(RECORD SET Opens)

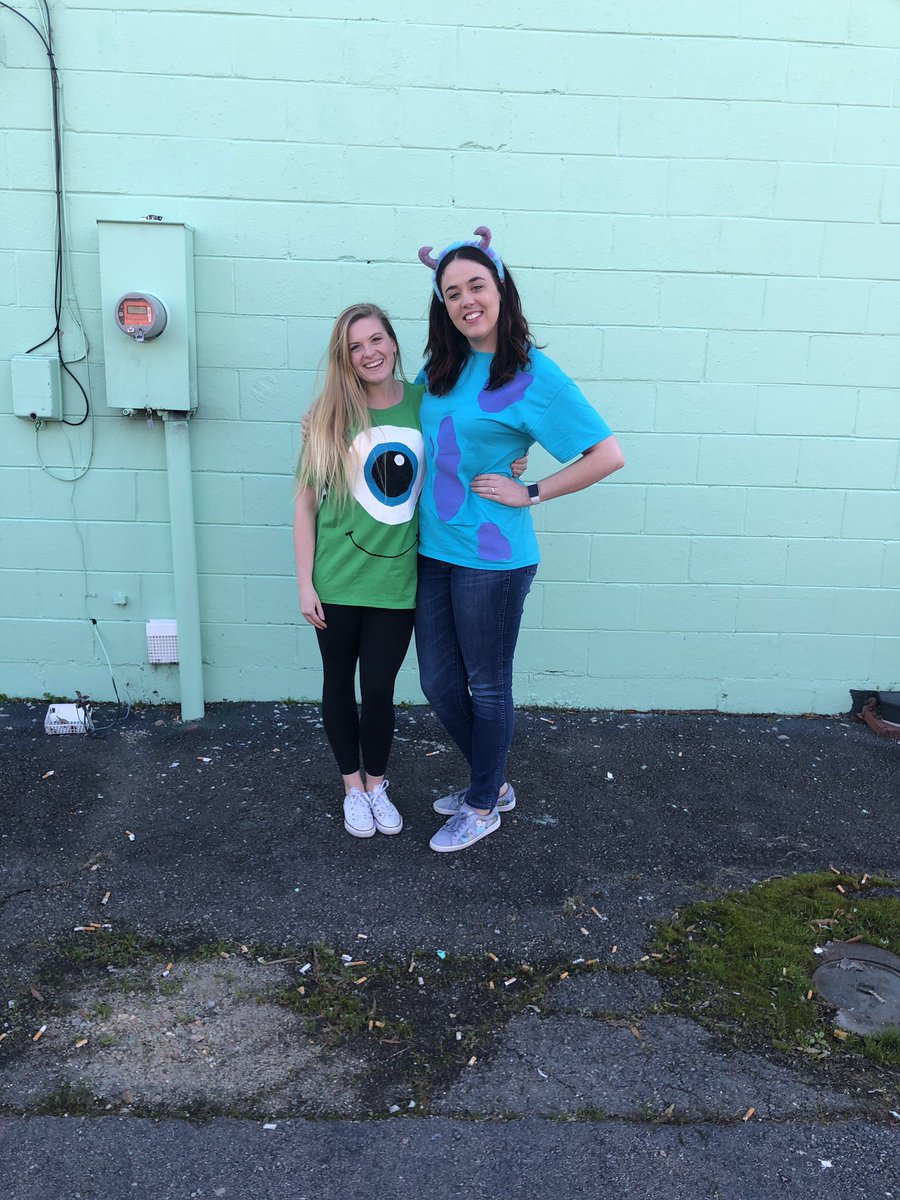 Price_3rdGrade's tweet image. Your friendly 3rd grade teachers are here to deliver pizzas! #PapaJohnsFundraiser #DedicatedDavisDragons #MonstersInc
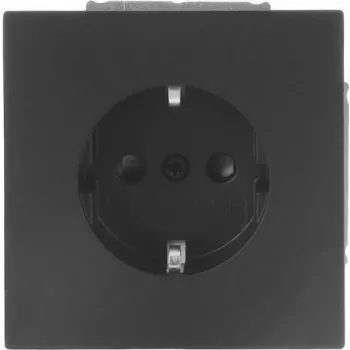 Busch-Jaeger SCHUKO pistorasia Safety+ 20 EUCB-F-45M, alpinweiß
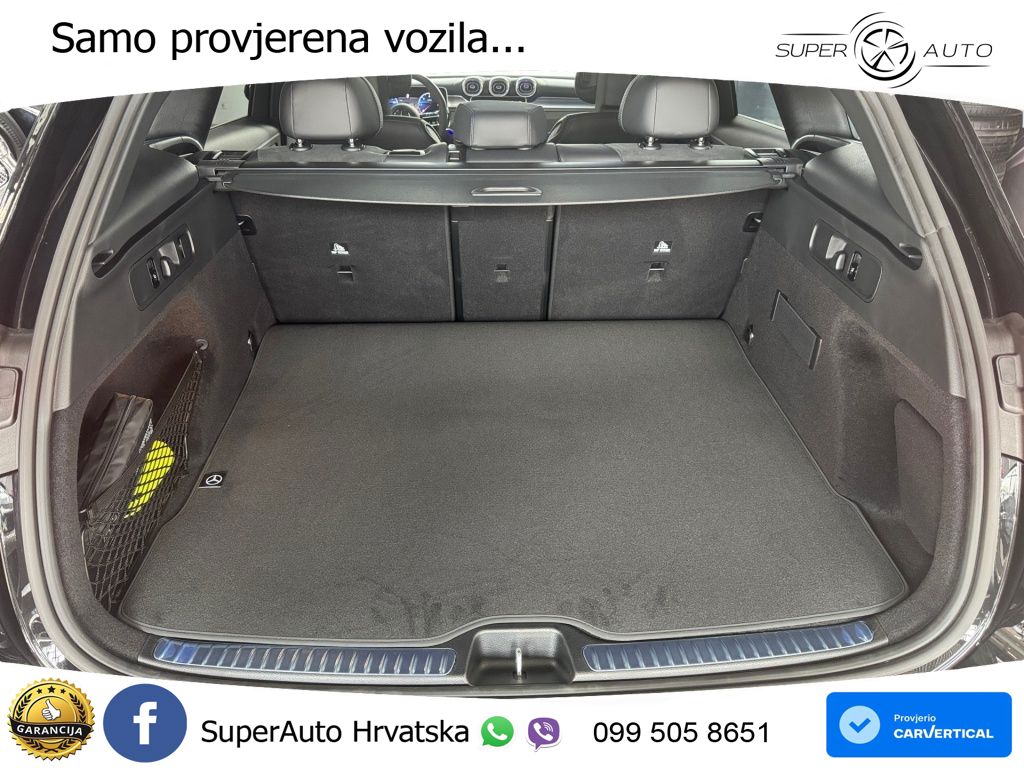 Mercedes GLC 220d (197 KS) 4MATIC 9G-TRONIC AMG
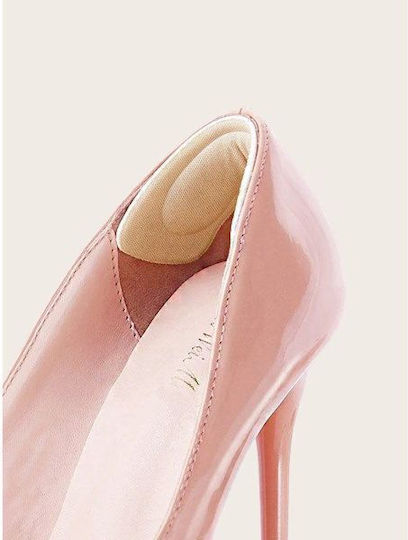 Famous Shoes Μαξιλαράκια για την Προστασία της Φτέρνας 2τμχ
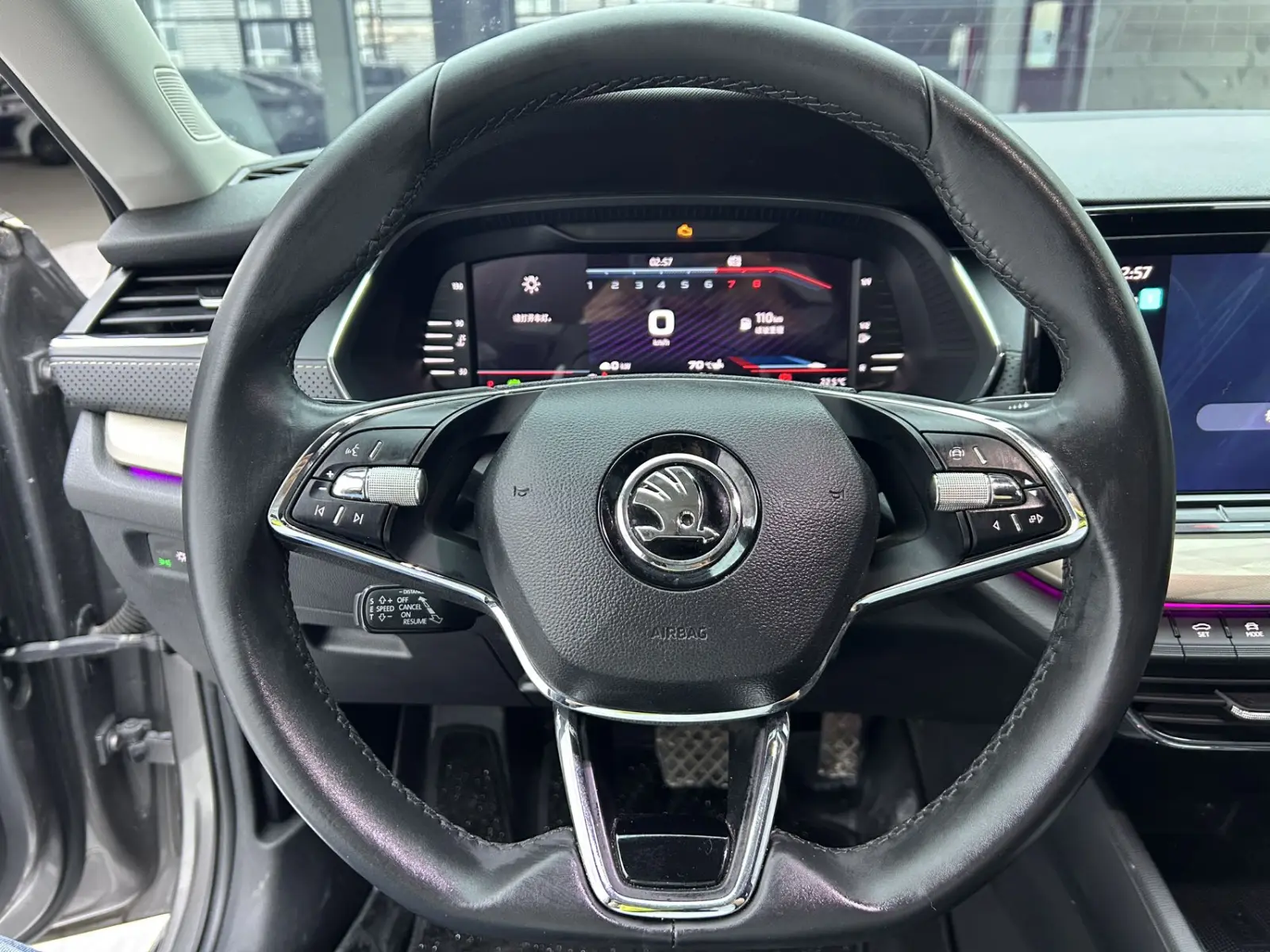 Skoda Octavia, 2022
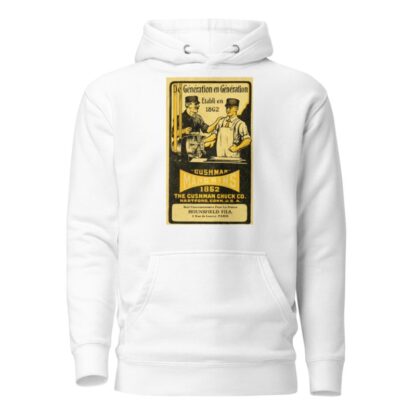 De génération en génération by Anonymous Hoodie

(RECORD SET Closes)

### [WHAT YOU SHOULD DO]
Everything from the line that contains "Skoda Octavia, 2022" through the final line of the material should be returned exactly, except the pictures.

### [FINISHED TASK]
 Skoda Octavia, 2022
 De génération en génération by Anonymous Hoodie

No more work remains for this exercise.